We never did find out how Chuck and Miss Lauren are - I guess if you're not important enough to get your face in the credit sequence, we aren't supposed to care if you lived or died. 


The internet and the critics who are prone to loving Life Unexpected held this week's episode in the highest esteem but I didn't much enjoy it.  Everyone in the episode was really fantastic except that I hate how selfish Lux is and how the writers don't seem to think that her behavior is selfish at all.  I'm not sure I have the energy to go into a long diatribe with examples of how everything she did during the episode was selfish but when this show ends for the season (forever) I believe I'll do a recap of the whole shebang and examine the many, many, many choices she made to care about herself more than anyone or anything else. 

Suffice to say, in this episode Tasha went to court to determine whether she was guilty of aggravated assault on Trey and we found out that the thing Lux kept not telling everyone was that Trey had molested and attempted to rape her when she was a kid.  We pretty much all saw that coming and I won't belittle that as a tragic, traumatizing and emotional event but I will say that because of the serious nature of all the other things that were happening in this episode - including the first sonogram of Ryan and Cate's baby, Tasha's fate, Lux's past, and the very way that the characters on the show have finally become one family - I found the inclusion of schmoopy Tiny Teacher love unseemly and gross.  And when he told her he loved her I wanted to punch him in his tiny face. 

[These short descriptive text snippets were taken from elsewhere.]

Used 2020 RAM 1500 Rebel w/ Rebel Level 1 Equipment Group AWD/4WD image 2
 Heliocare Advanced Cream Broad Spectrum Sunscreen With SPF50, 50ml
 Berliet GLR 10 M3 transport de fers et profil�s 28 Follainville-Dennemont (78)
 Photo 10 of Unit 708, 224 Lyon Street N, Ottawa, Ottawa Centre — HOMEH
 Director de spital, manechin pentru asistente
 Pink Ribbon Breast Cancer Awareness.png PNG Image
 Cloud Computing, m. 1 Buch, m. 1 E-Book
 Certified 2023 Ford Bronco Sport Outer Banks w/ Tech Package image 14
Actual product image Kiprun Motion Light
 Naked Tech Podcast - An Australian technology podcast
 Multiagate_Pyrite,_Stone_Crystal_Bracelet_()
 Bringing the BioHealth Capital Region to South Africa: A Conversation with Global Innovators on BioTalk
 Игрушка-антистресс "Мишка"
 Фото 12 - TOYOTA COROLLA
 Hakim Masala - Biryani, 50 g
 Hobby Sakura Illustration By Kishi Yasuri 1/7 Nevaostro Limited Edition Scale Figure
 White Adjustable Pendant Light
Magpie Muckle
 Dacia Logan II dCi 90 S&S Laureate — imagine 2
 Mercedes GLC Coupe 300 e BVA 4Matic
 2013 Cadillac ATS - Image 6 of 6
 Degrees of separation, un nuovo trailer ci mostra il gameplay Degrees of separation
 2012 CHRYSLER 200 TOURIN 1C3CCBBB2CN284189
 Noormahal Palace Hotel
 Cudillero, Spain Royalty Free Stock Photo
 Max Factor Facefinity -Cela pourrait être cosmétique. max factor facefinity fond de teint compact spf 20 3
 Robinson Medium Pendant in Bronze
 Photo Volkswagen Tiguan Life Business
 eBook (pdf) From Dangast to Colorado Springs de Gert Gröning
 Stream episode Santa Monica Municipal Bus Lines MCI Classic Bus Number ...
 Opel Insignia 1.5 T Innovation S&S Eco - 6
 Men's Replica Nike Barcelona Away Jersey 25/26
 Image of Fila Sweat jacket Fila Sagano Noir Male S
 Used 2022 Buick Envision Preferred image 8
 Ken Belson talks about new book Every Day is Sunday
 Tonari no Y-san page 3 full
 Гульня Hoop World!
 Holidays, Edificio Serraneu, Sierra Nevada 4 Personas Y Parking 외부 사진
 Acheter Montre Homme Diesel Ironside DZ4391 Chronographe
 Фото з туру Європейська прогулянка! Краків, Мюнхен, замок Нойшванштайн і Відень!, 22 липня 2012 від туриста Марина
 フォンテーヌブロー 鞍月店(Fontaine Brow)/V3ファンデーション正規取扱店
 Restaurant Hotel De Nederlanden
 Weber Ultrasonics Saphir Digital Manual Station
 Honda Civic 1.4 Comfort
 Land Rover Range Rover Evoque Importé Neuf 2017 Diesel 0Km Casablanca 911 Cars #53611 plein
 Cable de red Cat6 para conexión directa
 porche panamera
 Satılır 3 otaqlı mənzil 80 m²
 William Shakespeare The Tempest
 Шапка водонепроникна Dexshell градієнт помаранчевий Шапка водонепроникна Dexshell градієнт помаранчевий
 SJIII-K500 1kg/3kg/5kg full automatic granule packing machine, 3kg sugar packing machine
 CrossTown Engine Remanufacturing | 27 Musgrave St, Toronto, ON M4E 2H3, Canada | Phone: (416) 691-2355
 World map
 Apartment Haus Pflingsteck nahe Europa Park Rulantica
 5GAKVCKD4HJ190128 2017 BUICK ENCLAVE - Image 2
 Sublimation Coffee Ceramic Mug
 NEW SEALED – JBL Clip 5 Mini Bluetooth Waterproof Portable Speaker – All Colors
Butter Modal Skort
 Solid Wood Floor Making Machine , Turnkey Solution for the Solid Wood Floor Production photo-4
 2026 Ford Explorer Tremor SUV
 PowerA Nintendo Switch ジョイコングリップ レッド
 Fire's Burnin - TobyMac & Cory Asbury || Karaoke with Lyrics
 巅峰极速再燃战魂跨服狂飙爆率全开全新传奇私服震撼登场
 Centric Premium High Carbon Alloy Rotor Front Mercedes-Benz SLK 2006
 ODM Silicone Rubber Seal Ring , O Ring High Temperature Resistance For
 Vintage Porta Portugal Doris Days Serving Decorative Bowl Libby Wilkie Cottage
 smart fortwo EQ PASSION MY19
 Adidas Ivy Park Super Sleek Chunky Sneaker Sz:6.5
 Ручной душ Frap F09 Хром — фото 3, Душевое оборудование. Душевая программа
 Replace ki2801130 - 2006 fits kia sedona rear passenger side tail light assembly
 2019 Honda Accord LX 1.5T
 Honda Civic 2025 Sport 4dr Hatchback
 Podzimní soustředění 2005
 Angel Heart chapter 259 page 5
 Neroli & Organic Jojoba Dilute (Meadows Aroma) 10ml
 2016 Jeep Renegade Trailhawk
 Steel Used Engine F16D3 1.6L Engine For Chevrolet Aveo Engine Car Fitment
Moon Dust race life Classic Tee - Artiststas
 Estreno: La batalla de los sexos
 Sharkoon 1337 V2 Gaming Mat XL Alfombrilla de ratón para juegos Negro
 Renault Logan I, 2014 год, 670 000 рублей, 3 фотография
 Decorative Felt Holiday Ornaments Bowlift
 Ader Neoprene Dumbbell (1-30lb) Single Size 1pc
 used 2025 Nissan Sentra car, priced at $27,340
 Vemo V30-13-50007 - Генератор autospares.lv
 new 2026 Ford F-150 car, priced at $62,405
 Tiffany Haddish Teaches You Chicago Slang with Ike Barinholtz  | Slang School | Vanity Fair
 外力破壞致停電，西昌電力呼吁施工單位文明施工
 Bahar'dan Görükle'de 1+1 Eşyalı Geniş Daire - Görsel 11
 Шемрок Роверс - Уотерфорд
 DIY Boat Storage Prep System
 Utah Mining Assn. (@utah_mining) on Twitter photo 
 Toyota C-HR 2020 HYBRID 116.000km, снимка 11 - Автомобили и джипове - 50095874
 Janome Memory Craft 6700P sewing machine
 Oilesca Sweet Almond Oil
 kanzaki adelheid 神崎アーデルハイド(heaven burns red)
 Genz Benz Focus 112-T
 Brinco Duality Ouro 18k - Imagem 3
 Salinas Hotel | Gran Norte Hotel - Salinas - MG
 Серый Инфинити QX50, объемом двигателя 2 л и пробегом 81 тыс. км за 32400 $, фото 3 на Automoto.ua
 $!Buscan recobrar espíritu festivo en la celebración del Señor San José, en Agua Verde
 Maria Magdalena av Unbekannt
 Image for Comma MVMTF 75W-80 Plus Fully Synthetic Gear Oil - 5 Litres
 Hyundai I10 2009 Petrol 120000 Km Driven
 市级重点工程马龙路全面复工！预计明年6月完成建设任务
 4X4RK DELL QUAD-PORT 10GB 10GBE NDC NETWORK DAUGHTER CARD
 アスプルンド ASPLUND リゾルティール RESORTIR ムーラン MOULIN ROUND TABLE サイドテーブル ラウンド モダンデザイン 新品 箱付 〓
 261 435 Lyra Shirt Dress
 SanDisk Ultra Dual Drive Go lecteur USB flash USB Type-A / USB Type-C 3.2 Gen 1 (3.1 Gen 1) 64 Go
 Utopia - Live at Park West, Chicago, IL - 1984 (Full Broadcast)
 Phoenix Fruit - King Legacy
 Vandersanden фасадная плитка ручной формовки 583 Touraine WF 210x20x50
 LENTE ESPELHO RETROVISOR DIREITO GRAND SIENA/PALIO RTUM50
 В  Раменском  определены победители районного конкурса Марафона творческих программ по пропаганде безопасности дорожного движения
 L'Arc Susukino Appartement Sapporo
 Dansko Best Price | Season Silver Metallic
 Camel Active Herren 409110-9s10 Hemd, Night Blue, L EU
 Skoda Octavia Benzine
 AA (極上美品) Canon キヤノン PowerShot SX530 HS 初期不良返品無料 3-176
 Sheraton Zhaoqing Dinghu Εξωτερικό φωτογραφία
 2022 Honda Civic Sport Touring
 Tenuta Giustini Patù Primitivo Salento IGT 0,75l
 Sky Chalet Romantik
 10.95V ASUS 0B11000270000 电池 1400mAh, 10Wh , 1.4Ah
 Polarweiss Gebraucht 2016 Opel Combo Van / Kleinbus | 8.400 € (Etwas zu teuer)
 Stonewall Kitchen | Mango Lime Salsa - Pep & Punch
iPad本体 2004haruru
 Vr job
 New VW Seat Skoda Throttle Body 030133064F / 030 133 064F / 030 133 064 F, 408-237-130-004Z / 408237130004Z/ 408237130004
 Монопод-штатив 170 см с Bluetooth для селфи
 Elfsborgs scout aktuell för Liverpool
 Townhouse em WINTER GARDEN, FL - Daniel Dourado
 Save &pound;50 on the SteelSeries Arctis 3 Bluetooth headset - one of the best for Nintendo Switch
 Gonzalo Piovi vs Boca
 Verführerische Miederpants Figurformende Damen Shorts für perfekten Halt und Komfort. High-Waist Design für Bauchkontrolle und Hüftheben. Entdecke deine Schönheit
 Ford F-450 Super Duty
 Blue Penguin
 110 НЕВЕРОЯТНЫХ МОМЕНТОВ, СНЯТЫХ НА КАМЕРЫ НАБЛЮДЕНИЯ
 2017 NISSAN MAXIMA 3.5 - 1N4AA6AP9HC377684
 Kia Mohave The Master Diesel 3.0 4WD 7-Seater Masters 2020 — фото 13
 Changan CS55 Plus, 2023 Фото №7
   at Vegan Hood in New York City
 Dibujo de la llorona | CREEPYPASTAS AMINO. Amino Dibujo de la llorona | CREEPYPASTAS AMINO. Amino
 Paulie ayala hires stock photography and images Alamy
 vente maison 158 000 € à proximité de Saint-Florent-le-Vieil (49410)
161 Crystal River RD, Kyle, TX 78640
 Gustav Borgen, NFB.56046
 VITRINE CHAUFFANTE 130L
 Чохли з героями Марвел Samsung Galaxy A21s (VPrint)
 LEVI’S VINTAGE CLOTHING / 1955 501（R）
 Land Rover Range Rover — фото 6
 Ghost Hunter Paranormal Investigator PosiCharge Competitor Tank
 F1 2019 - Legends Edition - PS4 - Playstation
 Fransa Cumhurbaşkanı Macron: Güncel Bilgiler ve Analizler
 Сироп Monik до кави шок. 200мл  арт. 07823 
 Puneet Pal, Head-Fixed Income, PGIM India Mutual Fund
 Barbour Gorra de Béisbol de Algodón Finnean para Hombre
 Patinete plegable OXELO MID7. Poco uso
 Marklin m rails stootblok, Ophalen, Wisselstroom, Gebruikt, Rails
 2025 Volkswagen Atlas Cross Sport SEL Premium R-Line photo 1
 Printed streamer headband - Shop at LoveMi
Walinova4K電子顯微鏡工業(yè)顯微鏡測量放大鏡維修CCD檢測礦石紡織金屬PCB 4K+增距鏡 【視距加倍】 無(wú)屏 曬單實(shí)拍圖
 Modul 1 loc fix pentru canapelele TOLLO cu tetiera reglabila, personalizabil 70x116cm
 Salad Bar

Despite how often I complain about it, I really do like this show very much - I wouldn't stick with it if I didn't - but I can totally understand why it didn't find a large enough audience even by CW's standards.  People aren't going to like your protagonist just because you tell them they're supposed to, you have to make the person LIKABLE!  And if you can't do that (Dawson's Creek, One Tree Hill: The CMM Years) you can't rely on sap alone to win them over. 

Oh, Life Unexpected!  You had such potential but you just never could step far enough away to see your own flaws and pull it all together.